Hence, whether he likes it or not, the president is a man of the past. And one way to deal with his legacy is to elaborate on the rules and proper ways to engage that legacy. One could do that by comparing the intellectual and organic work of the CL2P to the latest actions of the regime’s leading intellectuals. This is important because Joel Didier Engo, the C2LP president and Mr Owona Nguini share roughly the same age and the same social background but how their different trajectory informs on Cameroonian’s intra-generational divide and conjoined issues tied to the personal and the political, politics, representation and patriarchal power, politics, intellectual work and ethical stances, inclusive and exclusive collective vision and action. The answers to these issues are crucial for ways they inform on our unexamined assumptions and our ideological predisposition.
At a defining moment in his life, Engo, against conventional wisdom, took some strong principle ethical stances against the regime of Yaoundé’s legal despotism facing the sirens of tribal politics and heavy pressure to tow the tribal line in a country where tribal politics is a brute zero sum game where the winner takes all. This principle stance alienated the care of folks he loved the most and who expected a compliant attitude in exchange of mercy for his father incarcerated for his perceived disloyalty. As in most autocratic regimes, the regime of Yaoundé has developed a despotic legal strategy to deprived political and perceived political adversaries of their civil rights in the name of fighting corruption. Engo’s principle stance was a great call because despite of his cultivated affable demeanor he acquired as an altar boy and seminarist, Le vieux negre has yet to demonstrate leniency against his designated political opponents.
Still, Engo Joel Didier was not out of wood yet. In a country structured by tribal politics, many tribalists could not believe that he was his own man. He had to endure all kinds of abuse in his attempts to clear his good name. Engo went on to become a strong vocal advocate for equal rights for all, the rule of law and democratic accountability notably through the CL2P which he presides. Engo becomes emblematic of a strong public disavowal of autocratic political and kleptocratic practices he grew up in.
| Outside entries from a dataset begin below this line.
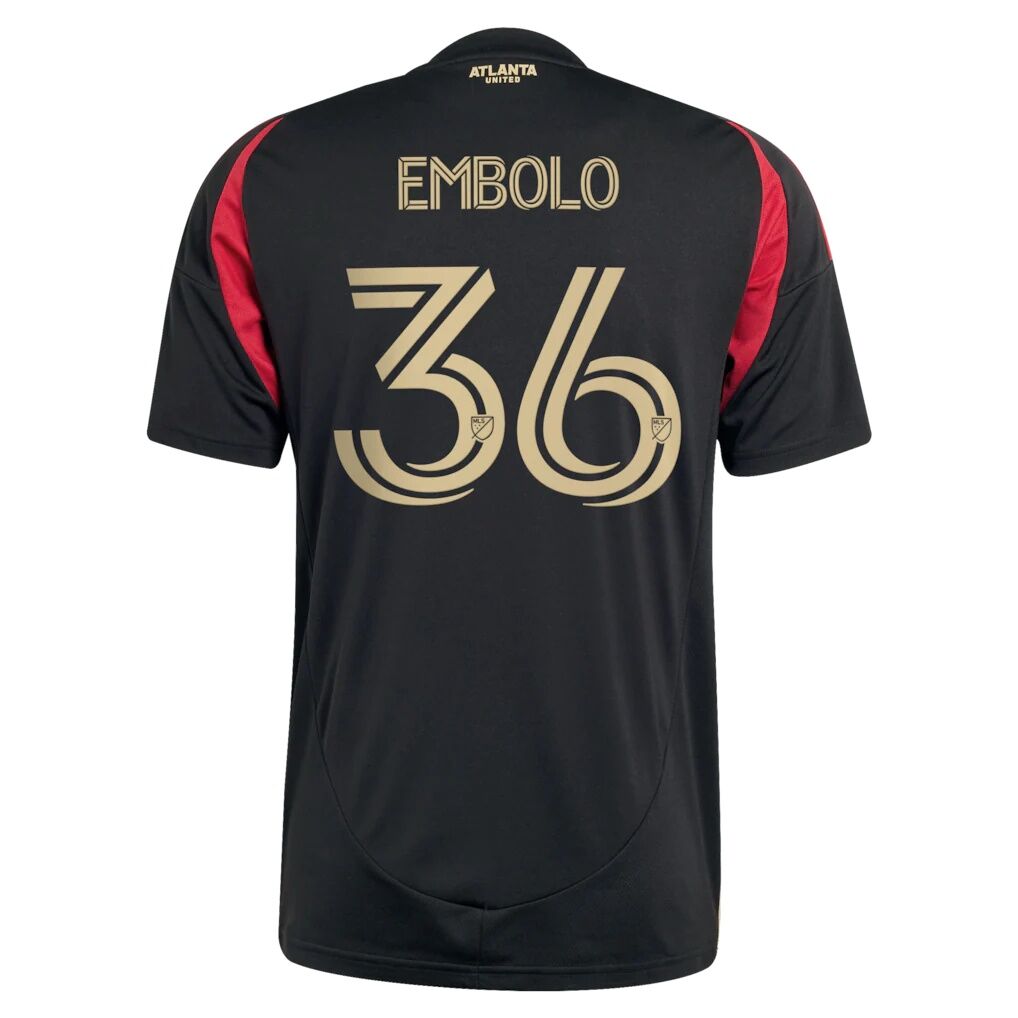 Breel Embolo Atlanta United FC adidas 2025 The Connector Replica Jersey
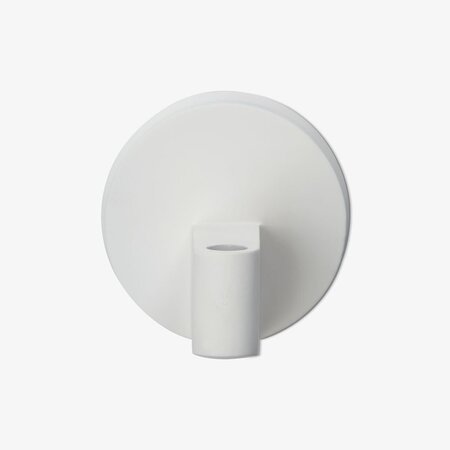 Anglepoise Type 75 Mini Lamp with Wall Bracket - Alpine White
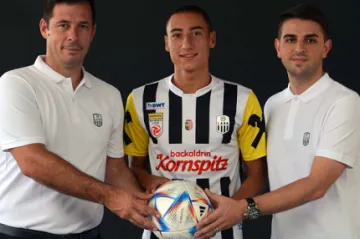 Velika nada Hajduka sada i službeno igrač LASK-a: Austrijanci imaju pravo otkupa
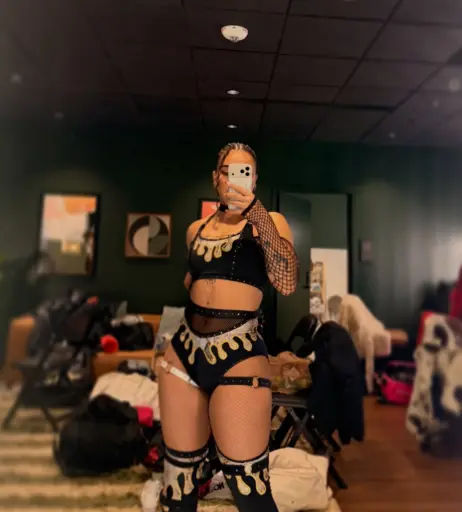 Image 22954936 from Jaida Parker - WWE/NXT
On the other hand, Mr. Owona Nguini has relinquished all semblance of academic integrity when he awarded an honorary doctorate to the First Lady of Cameroon. He went on recently to spew demeaning remarks against the Anglophone minority and seems to advocate violence as response to their political legitimate grievances. As such, Mr. Owona Nguini seems to have taken the side of 35 years of a calcified, ossified and sclerotic autocratic regime displaying the conundrum between privilege and the limits of privileges in autocratic regimes where violence remains a strong option or self-preservation. Violence in this case is usually an expression of weakness rather than strength because it has no object beyond selfishness and primitive accumulation.
As with these two intra-generational divide the crucial question is how do we deal with the legacy of le vieux negre and the disrupting effects of change. More autocracy is not the way to handle future challenges. The CL2P is on the right side of history advocating for an open society where democratic accountability and self-correcting inclusive mechanisms are the ways to grasp with future changes in an open democratic future.